A type 1 slowly changing dimension overwrites the existing data warehouse value with the new value coming from the OLTP system. Although the type I does not maintain history, it is the simplest and fastest way to load dimension data. Type I is used when the old value of the changed dimension is not deemed important for tracking or is an historically insignificant attribute.
For example, a company that manufactures cardboard boxes might have a Product dimension table that tracks the product ID, product name, and product description. Similar columns would be present in the warehouse Product dimension, with the addition of a surrogate ID (primary key) to track each unique record.
If one of the product descriptions were to change from glued box to pasted box in the OLTP system, it would trigger a slowly changing dimension event in the warehouse Product dimension. If you want to overwrite the former description without saving history, you would use type 1 slowly changing dimension:
Type 1 slowly changing dimension
Note. After overwriting an existing dimension value, you may find that some of your reports that depended on the value will not return the same information as before.
A type 2 slowly changing dimension enables you to track the history of updates to your dimension records. When a changed record enters the warehouse, it creates a new record to store the changed data and leaves the old record intact. Type 2 is the most common type of slowly changing dimension because it enables you to track historically significant attributes. The old records point to all history prior to the latest change, and the new record maintains the most current information.
Each change to a dimension generates a new dimension record, and each record partitions history perfectly. This is done by a combination of:
Effective dating both the new and old record (the old record is assigned a non-active effective date and the new record is assigned an active effective date).
Assigning the new record a new (and unique) surrogate key.

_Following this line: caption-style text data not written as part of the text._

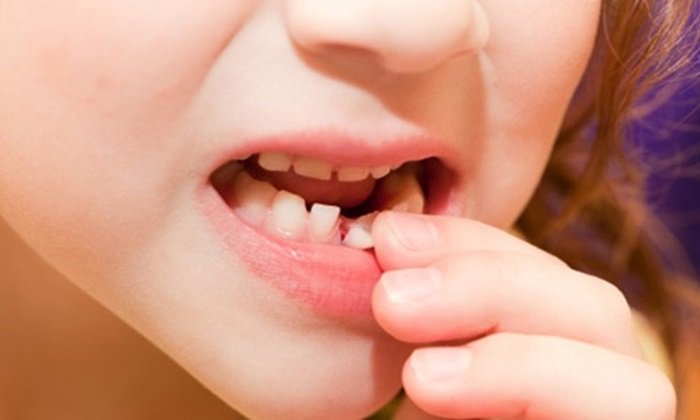Cách chăm sóc răng sữa sau khi nhổ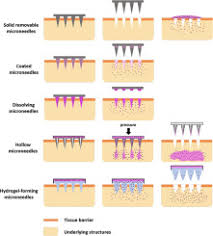 After your procedure, your medical provider may apply topicals to soothe, hydrate, and protect the treatment within the week following your microneedling procedure, you will notice skin dryness and flaking. Microneedles As The Technique Of Drug Delivery Enhancement In Diverse Organs And Tissues Sciencedirect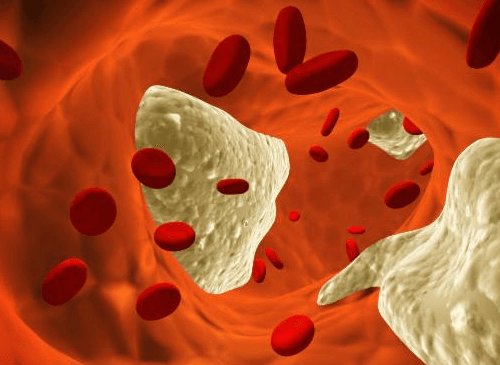 Learn About Cholesterol: Getting The Facts Straight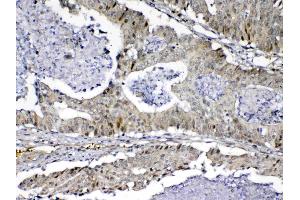 IHC analysis of MED9 using anti-MED9 antibody . (MED9 antibody  (AA 55-146))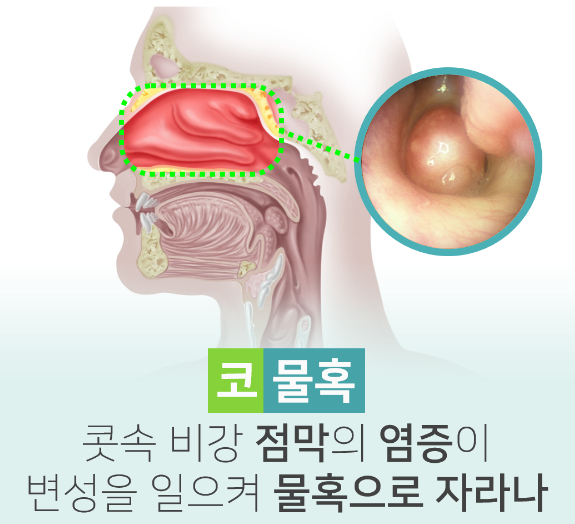  비용종(비용, Nasal polyp), 비용종증(Nasal polyposis) - 코 안에 물혹이 생겼어요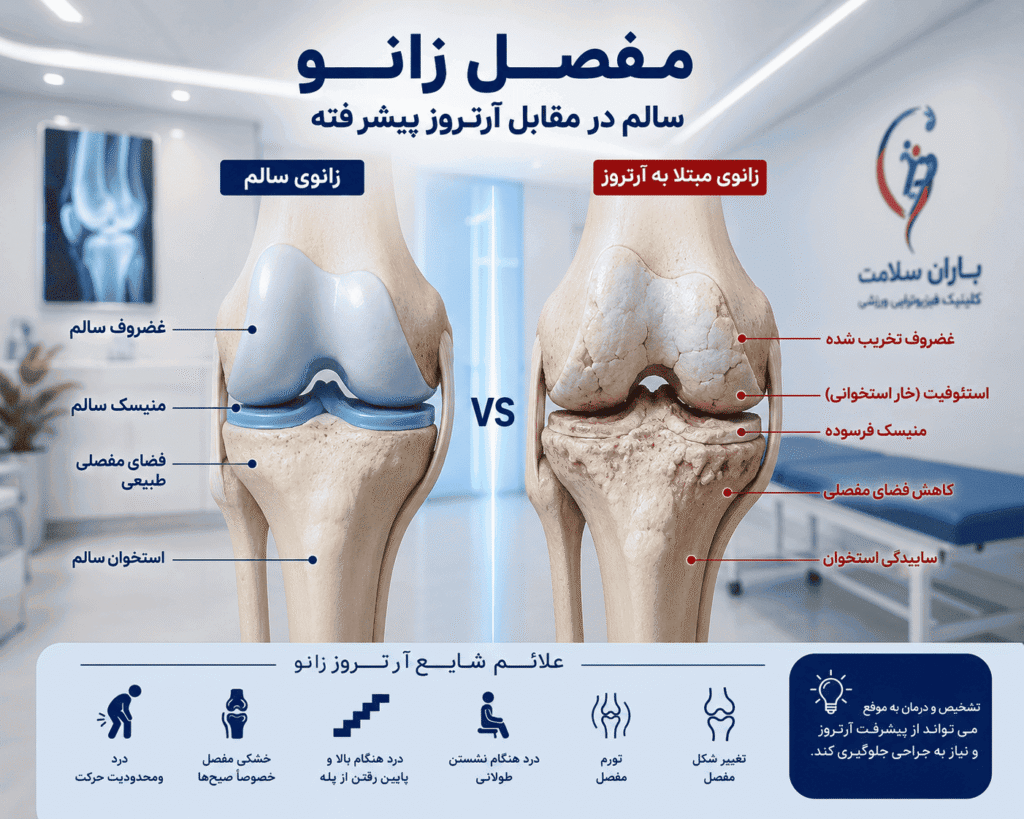 تعویض مفصل زانو
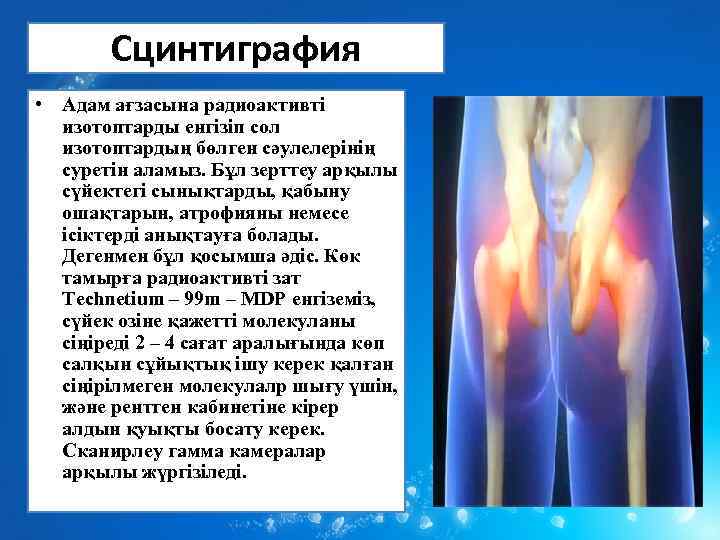 Сцинтиграфия • Адам ағзасына радиоактивті изотоптарды енгізіп сол изотоптардың бөлген сәулелерінің суретін аламыз. Бұл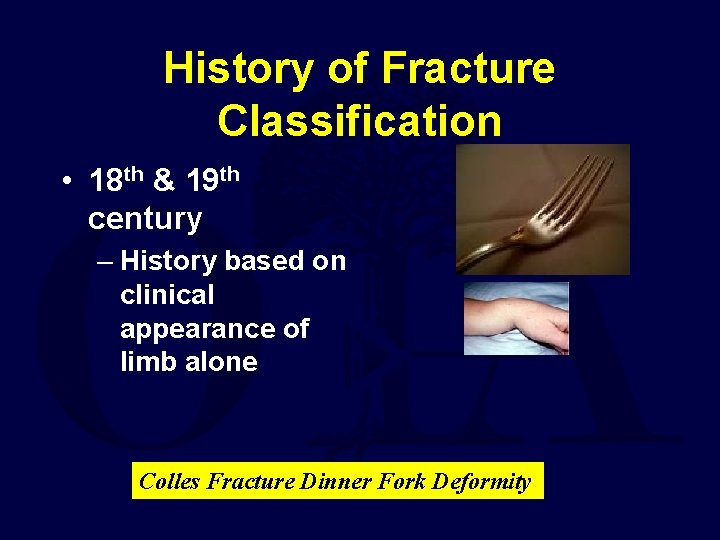 History of Fracture Classification • 18 th & 19 th century – History based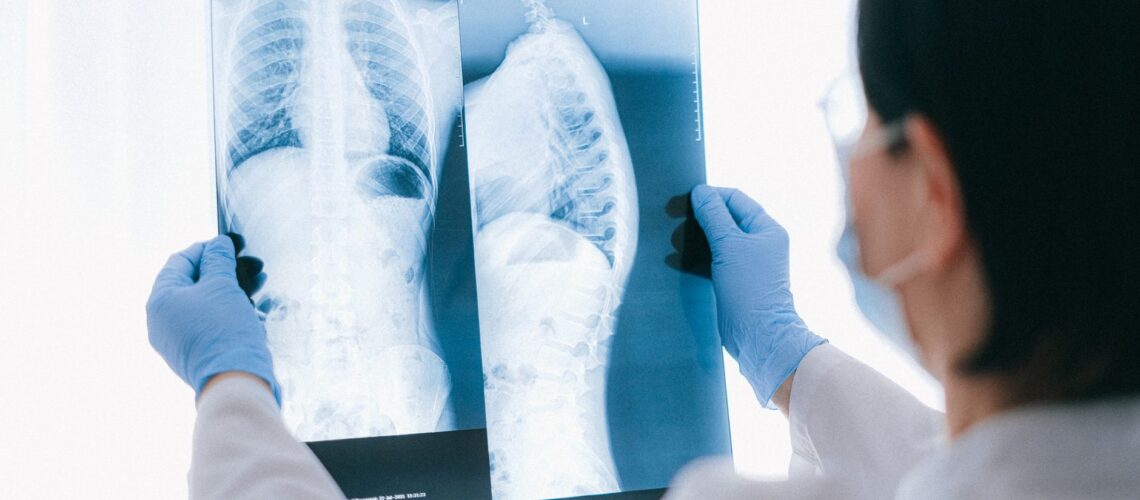 Medical professional analyzing chest x-ray images in a clinical setting for diagnostic purposes.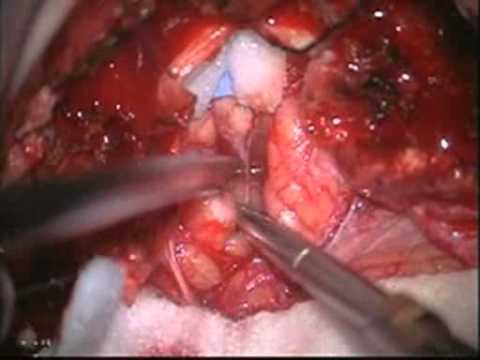 Chiari type I decompression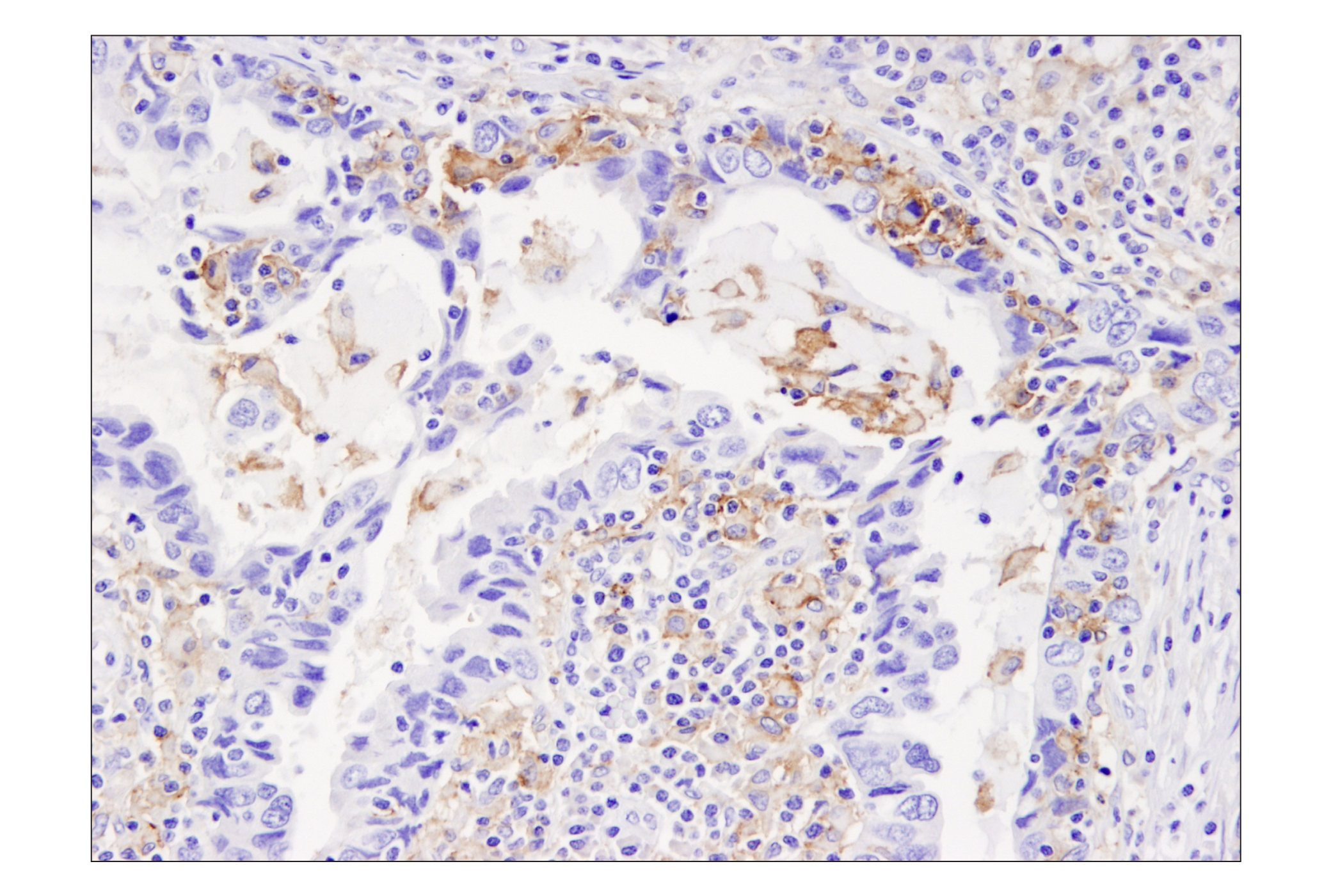 Immunohistochemistry Image 2: PD-L1 (405.9A11) Mouse mAb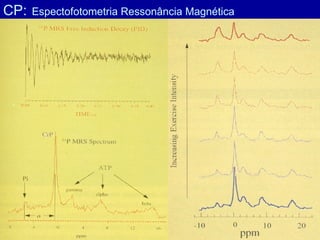 CP: Espectofotometria Ressonância Magnética
 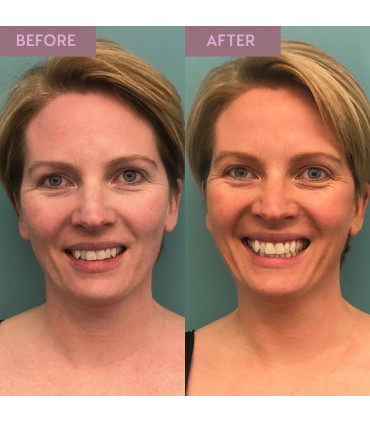 Self tan Light Tan 50 ml Hyaluronic Self Tan Balm 50ml - Facial Night Tan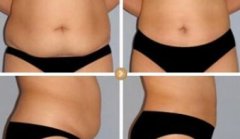 腹部吸脂手术有副作用吗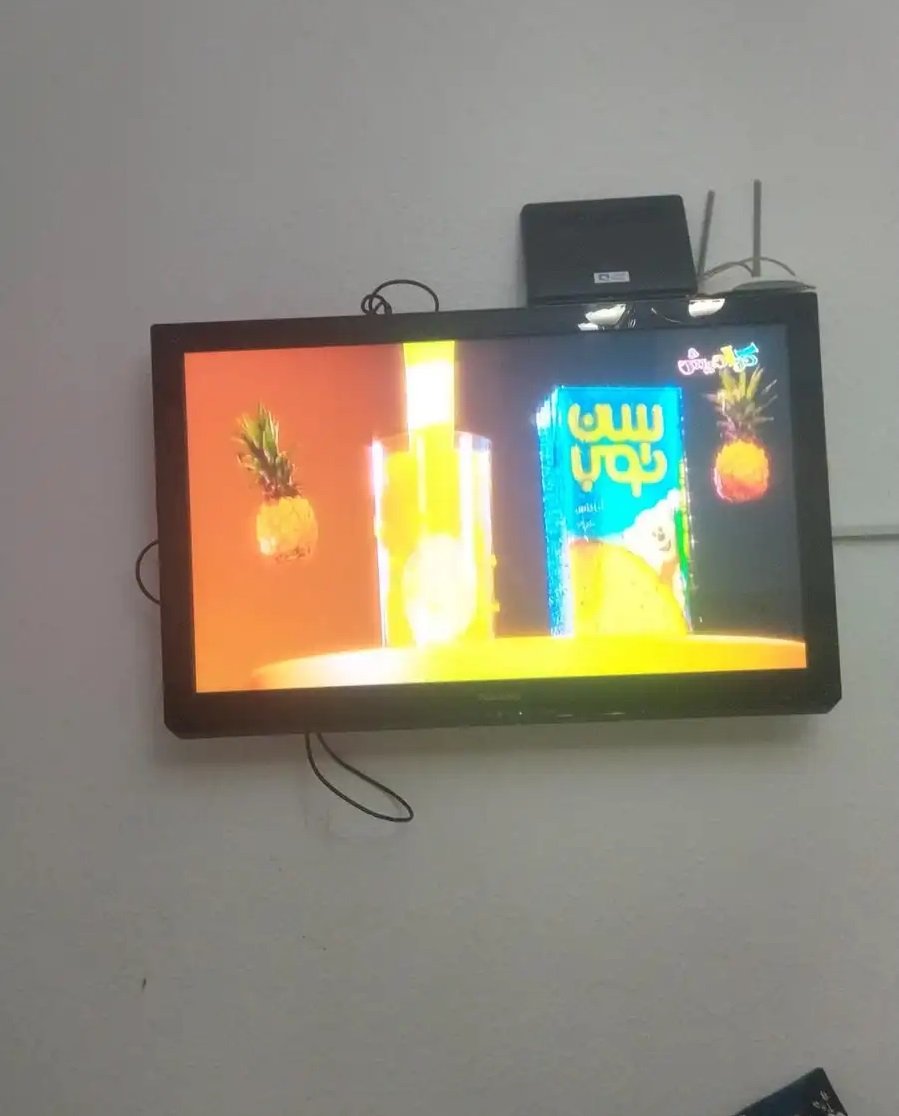 تلفزيون عادي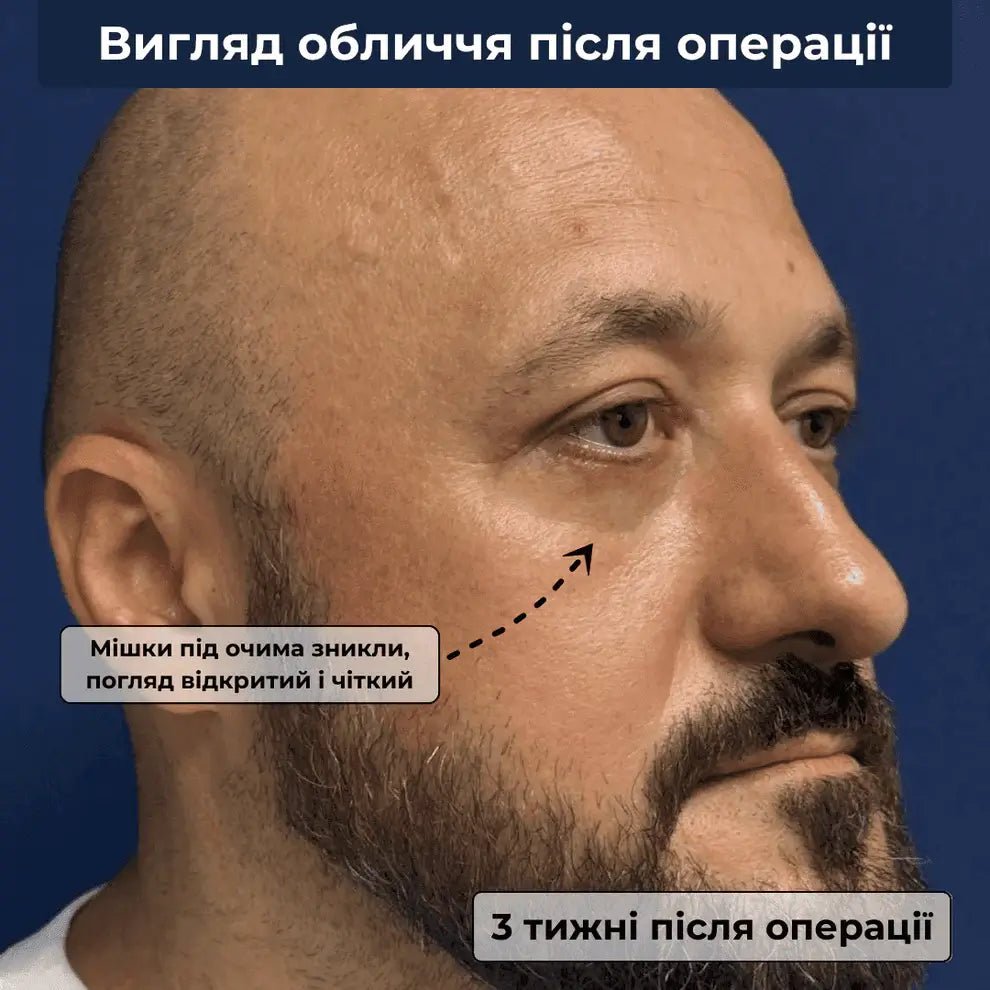 вигляд після проведення чоловічої блефаропластики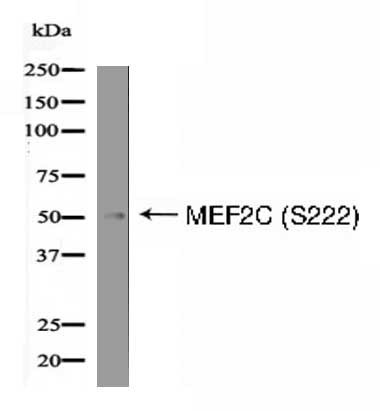 MEF2C (Phospho-Ser222) Antibody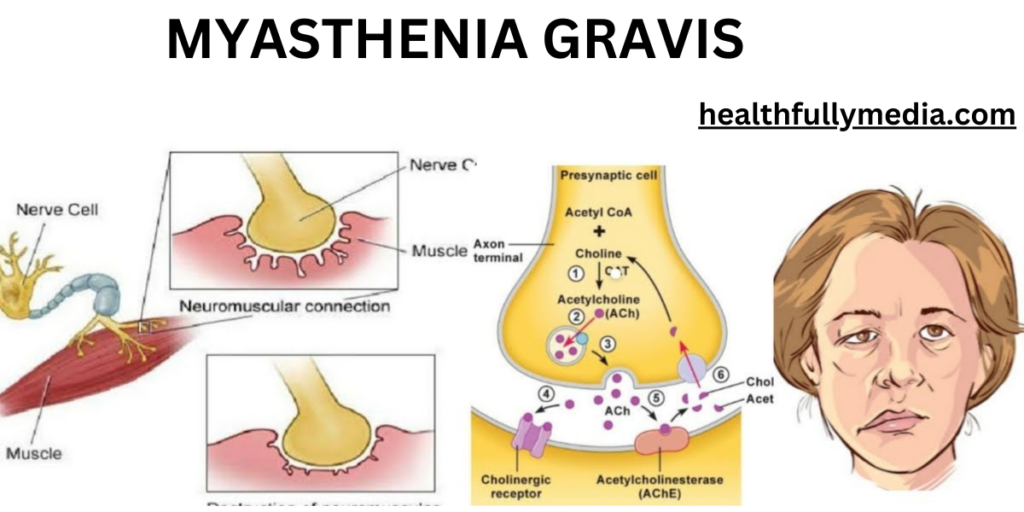 What Is Myasthenia Gravis What Is Myasthenia Gravis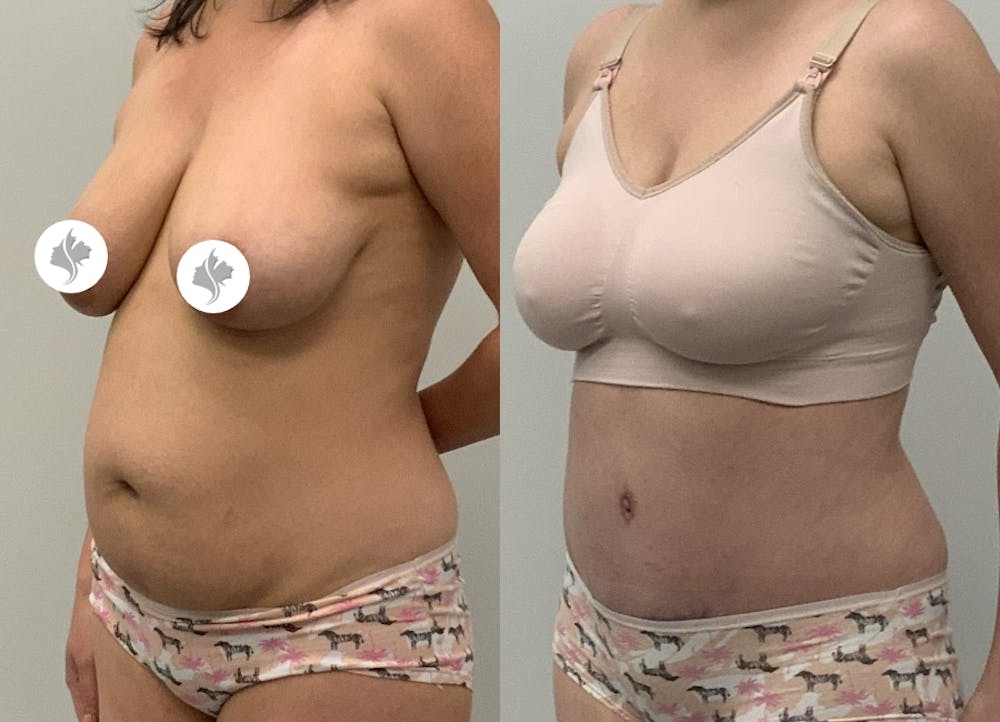 This is one of our beautiful tummy tuck patient #31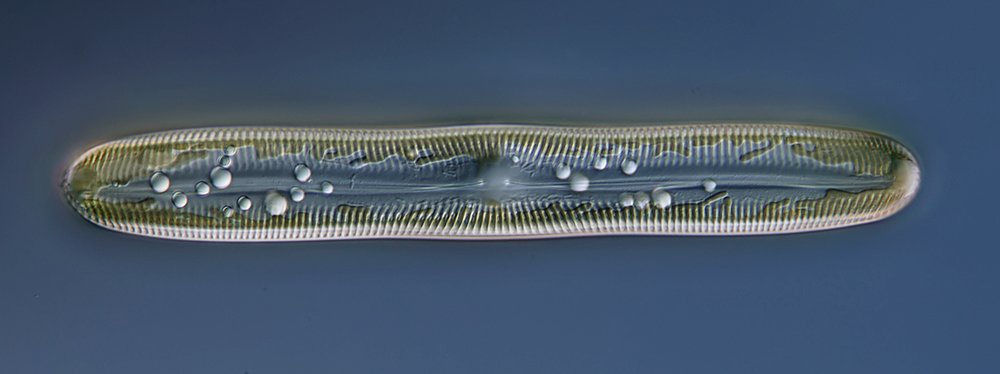 EM Pinnularia 04-1000.jpg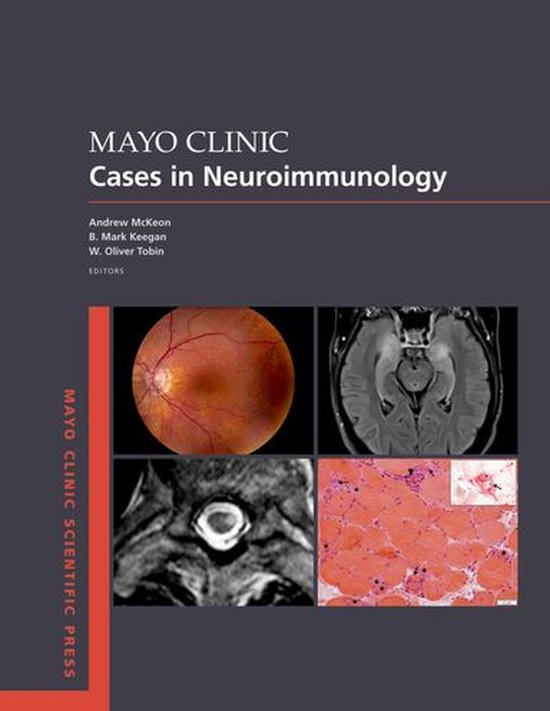 Mayo Clinic Scientific Press - Mayo Clinic Cases in Neuroimm ... - cover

Using the same cardboard manufacturing company as an example from the previous section, and assuming one of the product descriptions changed from glued box to pasted box in the OLTP system, type 2 slowly changing dimension would be used to retain the former description while incorporating the new. Instead of overwriting the existing value in the product description column, a new record is added, and a new surrogate ID (primary key) is assigned to the record. The original record with the description glued box remains. The following graphic demonstrates this type 2 slowly changing dimension scenario:
Type 2 slowly changing dimension
Note that the values for source product ID and source product name columns remain unchanged, but the surrogate key values are unique for each record and the effective start and end dates indicate the current record. This distinguishes the past and current records and enables you to report on historical and current data alike.
The main drawback of type 2 slowly changing dimensions is the need to generalize the dimension key and the growth of the dimension table itself. The dimension table could become quite large in cases where there are a number of changes to the dimensional attributes that are tracked.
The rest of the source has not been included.